Very weak diversification

The 3 months correlation between AMREP and Asure is 0.44. Overlapping area represents the amount of risk that can be diversified away by holding AMREP and Asure Software in the same portfolio, assuming nothing else is changed. The correlation between historical prices or returns on Asure Software and AMREP is a relative statistical measure of the degree to which these equity instruments tend to move together. The correlation coefficient measures the extent to which returns on AMREP are associated (or correlated) with Asure Software. Values of the correlation coefficient range from -1 to +1, where. The correlation of zero (0) is possible when the price movement of Asure Software has no effect on the direction of AMREP i.e., AMREP and Asure Software go up and down completely randomly.

Pair Corralation between AMREP and Asure Software

Considering the 90-day investment horizon AMREP is expected to generate 0.86 times more return on investment than Asure Software. However, AMREP is 1.17 times less risky than Asure Software. It trades about 0.1 of its potential returns per unit of risk. Asure Software is currently generating about 0.03 per unit of risk. If you would invest  1,111  in AMREP on September 3, 2024 and sell it today you would earn a total of  2,493  from holding AMREP or generate 224.39% return on investment over 90 days.
Time Period3 Months [change]
DirectionMoves Together 
StrengthWeak
Accuracy100.0%
ValuesDaily Returns

AMREP  vs.  Asure Software

 Performance 
       Timeline  
AMREP 

Risk-Adjusted Performance

16 of 100

 
Weak
 
Strong
Solid
Compared to the overall equity markets, risk-adjusted returns on investments in AMREP are ranked lower than 16 (%) of all global equities and portfolios over the last 90 days. Even with relatively weak basic indicators, AMREP reported solid returns over the last few months and may actually be approaching a breakup point.
Asure Software 

Risk-Adjusted Performance

7 of 100

 
Weak
 
Strong
OK
Compared to the overall equity markets, risk-adjusted returns on investments in Asure Software are ranked lower than 7 (%) of all global equities and portfolios over the last 90 days. Even with relatively weak basic indicators, Asure Software reported solid returns over the last few months and may actually be approaching a breakup point.
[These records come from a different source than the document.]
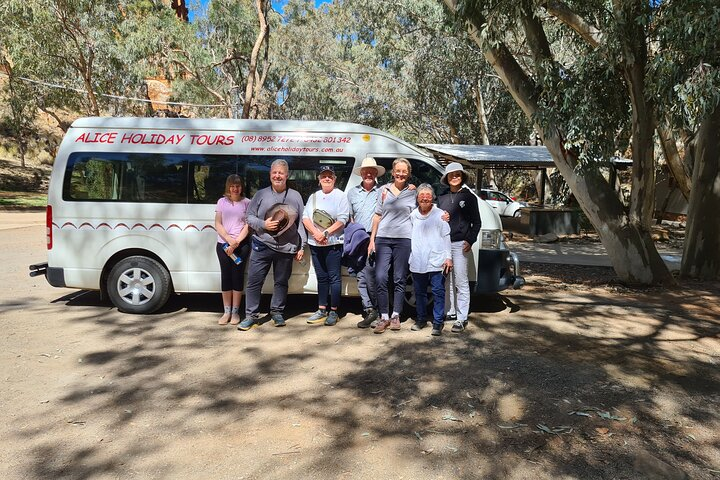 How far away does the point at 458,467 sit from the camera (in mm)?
3143

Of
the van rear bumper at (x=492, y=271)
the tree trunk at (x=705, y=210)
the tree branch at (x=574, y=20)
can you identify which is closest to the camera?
the van rear bumper at (x=492, y=271)

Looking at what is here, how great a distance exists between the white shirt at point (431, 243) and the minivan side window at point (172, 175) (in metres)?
1.15

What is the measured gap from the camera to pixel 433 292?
5.62 m

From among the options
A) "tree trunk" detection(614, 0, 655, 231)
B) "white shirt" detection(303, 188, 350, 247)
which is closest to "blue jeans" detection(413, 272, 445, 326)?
"white shirt" detection(303, 188, 350, 247)

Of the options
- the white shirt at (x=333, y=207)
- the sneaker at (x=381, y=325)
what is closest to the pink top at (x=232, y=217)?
the white shirt at (x=333, y=207)

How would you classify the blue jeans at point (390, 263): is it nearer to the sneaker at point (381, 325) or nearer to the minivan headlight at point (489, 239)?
the sneaker at point (381, 325)

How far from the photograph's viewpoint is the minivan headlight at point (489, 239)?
20.6 feet

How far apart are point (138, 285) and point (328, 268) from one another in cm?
227

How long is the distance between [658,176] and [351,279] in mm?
22987

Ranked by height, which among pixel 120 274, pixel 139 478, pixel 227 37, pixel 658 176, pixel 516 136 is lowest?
pixel 139 478

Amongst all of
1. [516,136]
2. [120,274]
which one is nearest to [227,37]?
[516,136]

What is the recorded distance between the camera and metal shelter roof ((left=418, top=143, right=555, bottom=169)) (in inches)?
650

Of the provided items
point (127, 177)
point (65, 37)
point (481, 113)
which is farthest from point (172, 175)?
point (481, 113)

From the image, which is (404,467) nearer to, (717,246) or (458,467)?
(458,467) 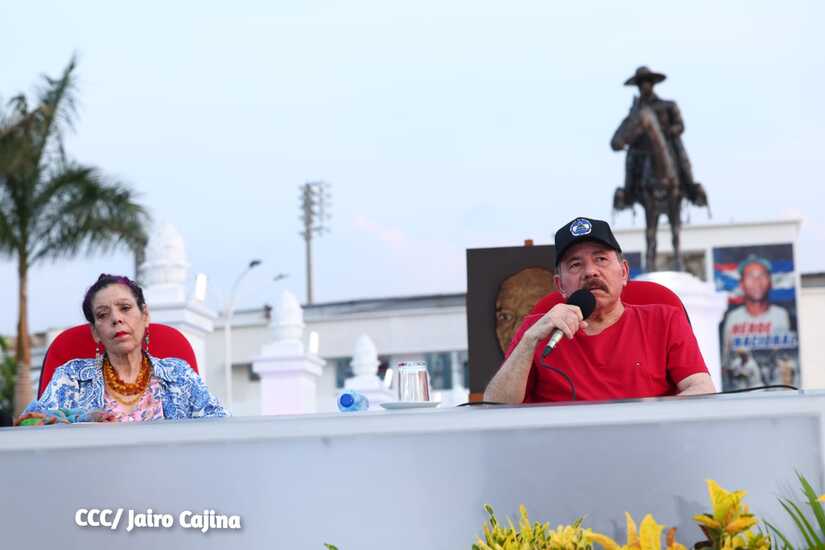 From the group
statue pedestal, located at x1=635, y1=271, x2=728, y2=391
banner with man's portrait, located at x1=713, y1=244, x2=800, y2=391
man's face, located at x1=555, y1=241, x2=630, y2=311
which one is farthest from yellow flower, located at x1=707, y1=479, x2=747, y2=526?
banner with man's portrait, located at x1=713, y1=244, x2=800, y2=391

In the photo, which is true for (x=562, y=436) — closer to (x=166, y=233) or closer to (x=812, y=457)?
(x=812, y=457)

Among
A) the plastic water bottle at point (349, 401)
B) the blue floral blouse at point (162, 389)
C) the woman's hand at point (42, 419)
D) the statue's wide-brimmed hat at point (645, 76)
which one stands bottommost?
the woman's hand at point (42, 419)

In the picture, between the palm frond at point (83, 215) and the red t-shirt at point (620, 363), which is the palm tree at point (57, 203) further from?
the red t-shirt at point (620, 363)

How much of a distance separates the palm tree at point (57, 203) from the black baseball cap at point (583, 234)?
17.6 meters

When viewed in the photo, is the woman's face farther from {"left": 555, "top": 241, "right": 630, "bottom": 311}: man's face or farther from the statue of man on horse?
the statue of man on horse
AMREP and Asure Software Volatility Contrast

   Predicted Return Density   
       Returns  

Pair Trading with AMREP and Asure Software

The main advantage of trading using opposite AMREP and Asure Software positions is that it hedges away some unsystematic risk. Because of two separate transactions, even if AMREP position performs unexpectedly, Asure Software can make up some of the losses. Pair trading also minimizes risk from directional movements in the market. For example, if an entire industry or sector drops because of unexpected headlines, the short position in Asure Software will offset losses from the drop in Asure Software's long position.
The idea behind AMREP and Asure Software pairs trading is to make the combined position market-neutral, meaning the overall market's direction will not affect its win or loss (or potential downside or upside). This can be achieved by designing a pairs trade with two highly correlated stocks or equities that operate in a similar space or sector, making it possible to obtain profits through simple and relatively low-risk investment.
Check out your portfolio center.
Note that this page's information should be used as a complementary analysis to find the right mix of equity instruments to add to your existing portfolios or create a brand new portfolio. You can also try the Technical Analysis module to check basic technical indicators and analysis based on most latest market data.